Psycho Beach Party (2000) poster

Psycho Beach Party (2000)

Rating:


USA/Australia. 2000.

Crew

Director – Robert Lee King, Screenplay/Based on the Play by Charles Busch, Producers – Virginia Biddle, Jon Gerrans, Marcus Hu & Victor Syrmis, Photography – Arturo Smith, Music – Ben Vaughan, Visual Effects – Richard Kerrigan, Miniature Effects – Peter Clines, Makeup Effects – John Goodwin, Production Design – Franco-Giacomo Carbone. Production Company – Strand Releasing/New Oz/Red Horse Films.

Cast

Lauren Ambrose (Florence ‘Chicklet’ Forrest), Nicholas Brendon (Starcat), Thomas Gibson (The Great Kanaka), Charles Busch (Captain Monica Stark), Danni Wheeler (Berdine), Kimberley Davies (Bettina Barnes), Beth Broderick (Ruth Forrest), Matt Keeslar (Lars), Amy Adams (Marvel-Ann), Nick Cornish (Yo-Yo), Andrew Levitas (Provoloney), Kathleen Robertson (Rhonda), Jenica Bergere (Cookie), Nathan Bexton (T.J.), Buddy Quaid (Junior)


Plot

Teenager Florence Forrest is afraid that she is a nobody due to her flat-chest. She is introduced to a group of surfers on Malibu Beach and determines to join this strictly male domain. A dominant, sexually aggressive split personality that calls itself Ann Bowman keeps emerging in her, something that turns the coolest of the surfers, The Great Kanaka, on. At the same time, somebody is killing people around the beach community who have physical imperfections and Florence is worried that her split personality might be the killer.

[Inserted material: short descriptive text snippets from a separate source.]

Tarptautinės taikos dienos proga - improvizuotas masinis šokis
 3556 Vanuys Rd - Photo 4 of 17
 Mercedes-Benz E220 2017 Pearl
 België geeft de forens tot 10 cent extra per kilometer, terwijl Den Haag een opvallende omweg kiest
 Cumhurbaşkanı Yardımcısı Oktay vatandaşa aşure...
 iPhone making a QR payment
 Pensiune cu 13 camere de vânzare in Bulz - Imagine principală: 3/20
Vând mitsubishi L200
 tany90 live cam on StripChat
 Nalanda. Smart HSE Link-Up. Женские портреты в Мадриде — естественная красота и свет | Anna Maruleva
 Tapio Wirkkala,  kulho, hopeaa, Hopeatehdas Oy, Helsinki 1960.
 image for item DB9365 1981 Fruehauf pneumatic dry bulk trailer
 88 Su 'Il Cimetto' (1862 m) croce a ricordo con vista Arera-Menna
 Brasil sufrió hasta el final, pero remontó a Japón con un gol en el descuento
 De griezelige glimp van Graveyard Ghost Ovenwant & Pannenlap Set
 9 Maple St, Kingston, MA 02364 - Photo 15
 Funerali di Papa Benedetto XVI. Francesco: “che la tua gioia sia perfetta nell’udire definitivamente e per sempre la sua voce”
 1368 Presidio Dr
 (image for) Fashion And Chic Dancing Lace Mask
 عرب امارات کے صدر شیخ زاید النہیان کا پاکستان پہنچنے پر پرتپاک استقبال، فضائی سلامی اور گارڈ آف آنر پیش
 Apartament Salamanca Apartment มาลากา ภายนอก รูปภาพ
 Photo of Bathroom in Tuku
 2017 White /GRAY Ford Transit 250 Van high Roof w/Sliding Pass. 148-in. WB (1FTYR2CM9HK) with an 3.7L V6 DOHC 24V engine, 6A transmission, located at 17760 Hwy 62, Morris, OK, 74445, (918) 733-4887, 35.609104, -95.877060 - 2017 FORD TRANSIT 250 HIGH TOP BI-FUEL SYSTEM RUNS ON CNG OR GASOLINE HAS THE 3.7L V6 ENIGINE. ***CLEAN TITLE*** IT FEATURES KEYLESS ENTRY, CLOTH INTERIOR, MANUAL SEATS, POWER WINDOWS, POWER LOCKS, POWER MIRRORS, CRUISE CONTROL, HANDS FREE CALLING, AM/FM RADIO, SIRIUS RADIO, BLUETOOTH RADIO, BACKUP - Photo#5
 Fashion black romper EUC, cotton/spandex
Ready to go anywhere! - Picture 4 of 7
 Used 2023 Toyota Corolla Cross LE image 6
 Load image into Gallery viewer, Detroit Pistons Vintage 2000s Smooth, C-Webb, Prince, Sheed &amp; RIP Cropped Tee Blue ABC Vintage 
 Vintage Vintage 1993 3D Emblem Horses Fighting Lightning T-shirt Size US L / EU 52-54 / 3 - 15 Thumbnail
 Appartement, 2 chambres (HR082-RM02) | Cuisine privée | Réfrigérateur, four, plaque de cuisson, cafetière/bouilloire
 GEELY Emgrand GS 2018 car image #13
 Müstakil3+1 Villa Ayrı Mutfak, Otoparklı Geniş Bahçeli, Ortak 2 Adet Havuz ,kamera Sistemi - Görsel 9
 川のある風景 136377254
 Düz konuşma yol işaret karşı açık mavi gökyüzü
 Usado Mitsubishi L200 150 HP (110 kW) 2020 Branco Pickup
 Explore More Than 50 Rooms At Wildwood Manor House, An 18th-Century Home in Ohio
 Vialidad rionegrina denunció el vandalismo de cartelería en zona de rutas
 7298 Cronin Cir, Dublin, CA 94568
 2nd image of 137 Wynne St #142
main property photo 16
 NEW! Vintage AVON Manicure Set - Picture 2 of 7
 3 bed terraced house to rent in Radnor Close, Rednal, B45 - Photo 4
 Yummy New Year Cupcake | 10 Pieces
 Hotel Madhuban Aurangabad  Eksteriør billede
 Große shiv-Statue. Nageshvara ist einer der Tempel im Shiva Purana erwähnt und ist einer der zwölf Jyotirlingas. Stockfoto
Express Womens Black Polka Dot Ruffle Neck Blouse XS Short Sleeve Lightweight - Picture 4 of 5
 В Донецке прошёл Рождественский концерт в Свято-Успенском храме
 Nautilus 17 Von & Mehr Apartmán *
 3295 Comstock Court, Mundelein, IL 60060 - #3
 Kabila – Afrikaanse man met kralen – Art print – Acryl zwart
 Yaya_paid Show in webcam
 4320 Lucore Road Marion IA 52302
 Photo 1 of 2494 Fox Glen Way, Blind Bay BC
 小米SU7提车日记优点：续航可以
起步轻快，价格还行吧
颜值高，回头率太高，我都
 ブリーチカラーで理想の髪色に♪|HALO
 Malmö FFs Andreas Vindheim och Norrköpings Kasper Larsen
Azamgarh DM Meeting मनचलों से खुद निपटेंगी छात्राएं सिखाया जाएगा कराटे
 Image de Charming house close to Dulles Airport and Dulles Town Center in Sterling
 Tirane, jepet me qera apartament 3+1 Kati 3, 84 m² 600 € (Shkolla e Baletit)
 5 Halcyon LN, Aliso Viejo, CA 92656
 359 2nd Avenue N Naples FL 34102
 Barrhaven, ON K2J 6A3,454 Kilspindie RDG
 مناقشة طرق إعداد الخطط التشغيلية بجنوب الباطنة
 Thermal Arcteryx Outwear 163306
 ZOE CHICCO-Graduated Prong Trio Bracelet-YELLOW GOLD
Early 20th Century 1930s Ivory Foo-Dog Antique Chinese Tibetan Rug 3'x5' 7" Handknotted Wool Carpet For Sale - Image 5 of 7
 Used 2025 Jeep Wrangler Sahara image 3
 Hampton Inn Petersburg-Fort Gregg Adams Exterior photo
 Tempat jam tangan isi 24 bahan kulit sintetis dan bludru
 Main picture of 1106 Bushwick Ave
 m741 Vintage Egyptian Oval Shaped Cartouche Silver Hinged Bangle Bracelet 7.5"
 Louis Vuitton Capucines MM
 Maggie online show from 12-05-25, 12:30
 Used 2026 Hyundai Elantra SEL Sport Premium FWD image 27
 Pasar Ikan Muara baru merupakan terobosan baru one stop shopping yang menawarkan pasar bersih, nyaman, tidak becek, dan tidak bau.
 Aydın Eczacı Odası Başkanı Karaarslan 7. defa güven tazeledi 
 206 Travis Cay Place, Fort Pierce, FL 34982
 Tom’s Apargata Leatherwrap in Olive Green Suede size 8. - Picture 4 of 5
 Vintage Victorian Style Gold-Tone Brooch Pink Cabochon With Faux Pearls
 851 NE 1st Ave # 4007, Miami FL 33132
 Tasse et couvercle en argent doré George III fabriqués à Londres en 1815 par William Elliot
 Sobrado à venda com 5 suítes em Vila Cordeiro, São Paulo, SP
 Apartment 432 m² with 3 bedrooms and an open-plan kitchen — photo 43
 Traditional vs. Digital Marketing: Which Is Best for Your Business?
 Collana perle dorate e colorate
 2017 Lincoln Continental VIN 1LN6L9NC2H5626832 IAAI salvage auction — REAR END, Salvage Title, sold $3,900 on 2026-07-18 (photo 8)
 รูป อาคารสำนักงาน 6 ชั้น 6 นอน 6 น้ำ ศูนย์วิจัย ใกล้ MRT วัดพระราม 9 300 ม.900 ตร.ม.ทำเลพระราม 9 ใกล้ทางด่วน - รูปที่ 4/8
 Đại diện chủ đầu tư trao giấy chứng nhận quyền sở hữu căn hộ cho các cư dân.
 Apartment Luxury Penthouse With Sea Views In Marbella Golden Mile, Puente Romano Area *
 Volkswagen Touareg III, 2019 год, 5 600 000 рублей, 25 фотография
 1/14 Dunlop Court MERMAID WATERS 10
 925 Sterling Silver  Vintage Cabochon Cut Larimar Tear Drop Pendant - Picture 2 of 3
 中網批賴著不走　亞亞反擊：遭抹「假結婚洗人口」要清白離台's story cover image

Psycho Beach Party is a genre parody, a form that has been much used and abused over the last decade. Unlike other genre parodies, Psycho Beach Party‘s origin is in the drag musical/stage show. The film is based on a 1988 off-Broadway play by Charles Busch. Busch had previously had a huge hit with Vampire Lesbians of Sodom (1984) and several other such genre-bending, cod B-movie plays. In all of them, Busch himself played major roles while in drag – in the stage version of Psycho Beach Party, for instance, he played the flat-chested heroine, although here plays only the supporting role of the female police captain. (In the film, the role is inherited by Lauren Ambrose who would later go onto become a regular on tv’s Six Feet Under (2001-5), while you can also spot a then unknown Amy Adams as one of the other beach bunnies).

In Psycho Beach Party, Charles Busch feeds the 1960s beach party/surfer movie through B-movie genre cliches. It is not a particularly adept or even terribly funny spoof. Busch and director Robert Lee King’s knowledge of the sf/horror genre is never very acute or that focused on any particular target. The film opens on a cute parody of Attack of the 50 Ft Woman (1958) and then amusingly cuts to a geeky teen girl offering a critical deconstruction of the feminist implications (alas anachronistically well before either film theory or feminism became well-known). However, the rest of the film lacks such a sharpness.

Lauren Ambrose as Chicklet in Psycho Beach Party (2000)
Lauren Ambrose as Chicklet

Where Psycho Beach Party works better is in deconstructing the beach party movie with Busch and King aptly bringing out the inherent homo-eroticism of the genre. The revelation of the killer’s m.o. also emphasises a subtle semiotic point about the beach movie genre – it took place in a fantasy world where everybody was good-looking, straight and deformity never existed.

For all that, Psycho Beach Party is not a particularly good film. For a drag musical – which should celebrate gender-identity boundary-breaking – it seems awfully giggly about its sexuality. At times, it seems like bad adolescent or sitcom humour that wants to derive jokes out of things like seeing a guy dressed in a corset or being turned on by a dominant woman, macho guys dressing in woman’s nightwear or suddenly kissing, and a sweet innocent girl suddenly trash talking as being funny in themselves. They aren’t, nor is the film.